▶ [Work task] Would you copy, word for word, each line from the one with "Wojewoda łódzki Tobiasz" to the end of the listing below, skipping all pictures?

▶ [Excerpted data]
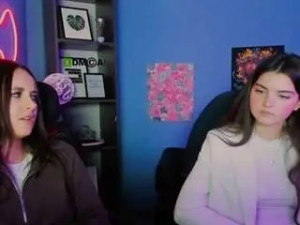 Play the full scene titled Tina-bright Cam porn model from camsoda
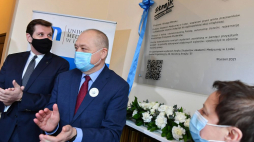 Wojewoda łódzki Tobiasz Bocheński (L), dr Ewa Pabisiak-Matuszczyk (P) i rektor łodzkiego Uniwersytetu Medycznego prof. Radzisław Kordek (2L) podczas uroczystości odsłonięcia tablicy poświęconej bohaterom strajków studenckich 1981 r. Łódź, 18.02.2021. Fot. PAP/G. Michałowski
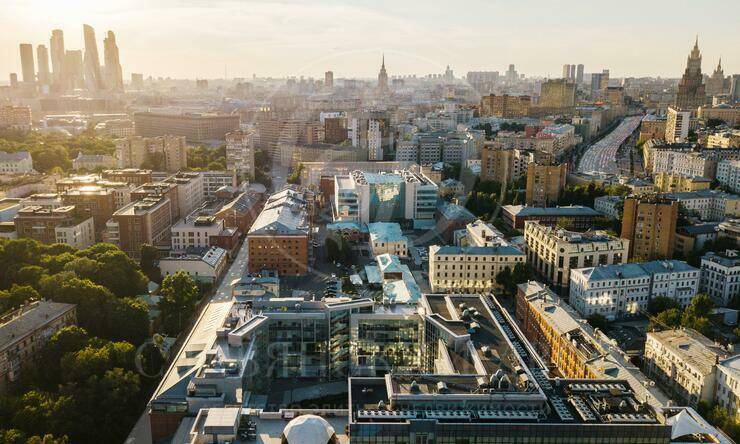 продажа  ЦАО Парк Культуры Зубовская ул.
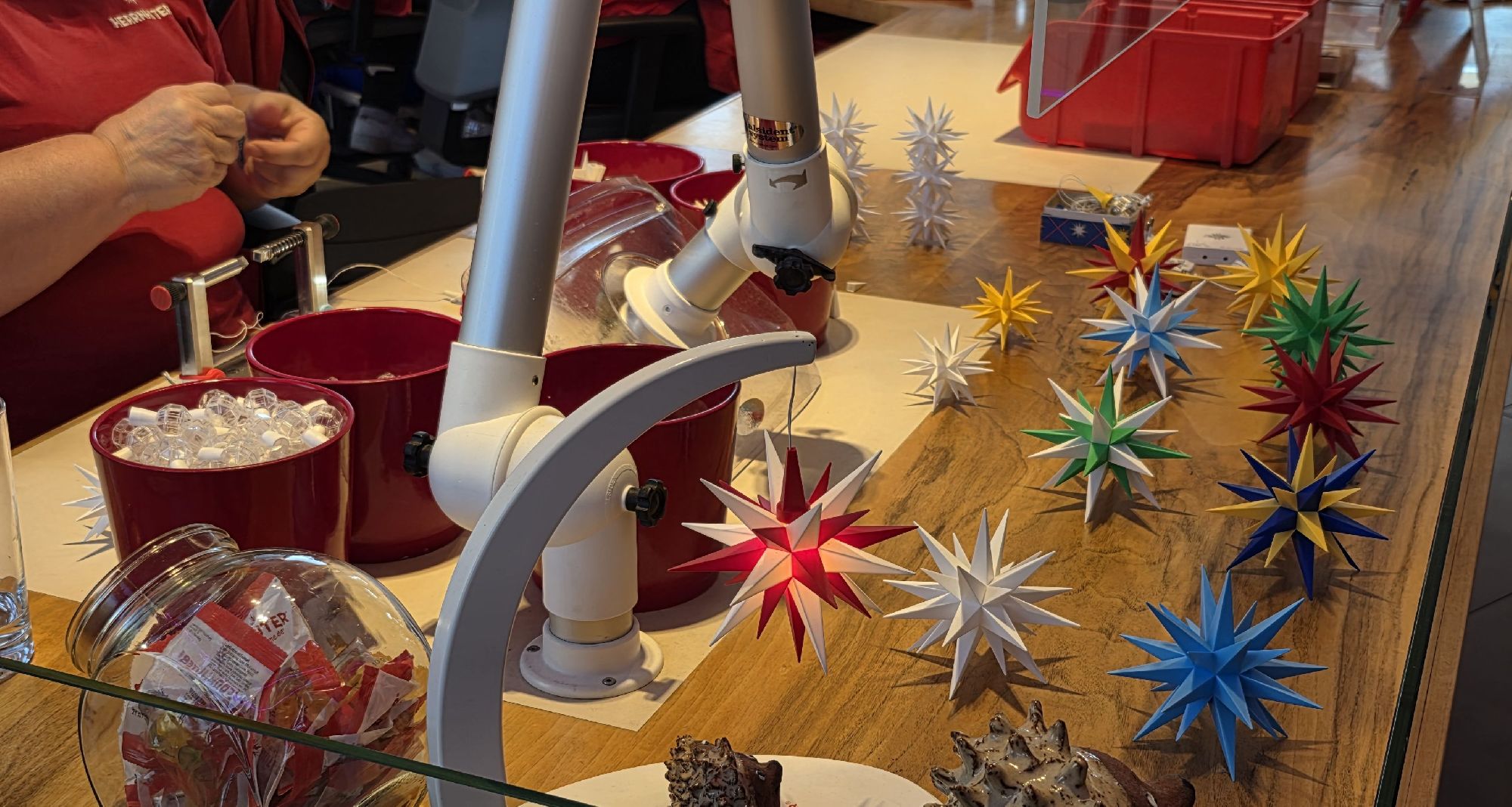 Basteln von Herrnhuter Sternen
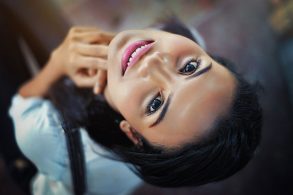 笑顔の女性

▶ [Solved problem]
 Wojewoda łódzki Tobiasz Bocheński (L), dr Ewa Pabisiak-Matuszczyk (P) i rektor łodzkiego Uniwersytetu Medycznego prof. Radzisław Kordek (2L) podczas uroczystości odsłonięcia tablicy poświęconej bohaterom strajków studenckich 1981 r. Łódź, 18.02.2021. Fot. PAP/G. Michałowski
 продажа  ЦАО Парк Культуры Зубовская ул.
 Basteln von Herrnhuter Sternen
 笑顔の女性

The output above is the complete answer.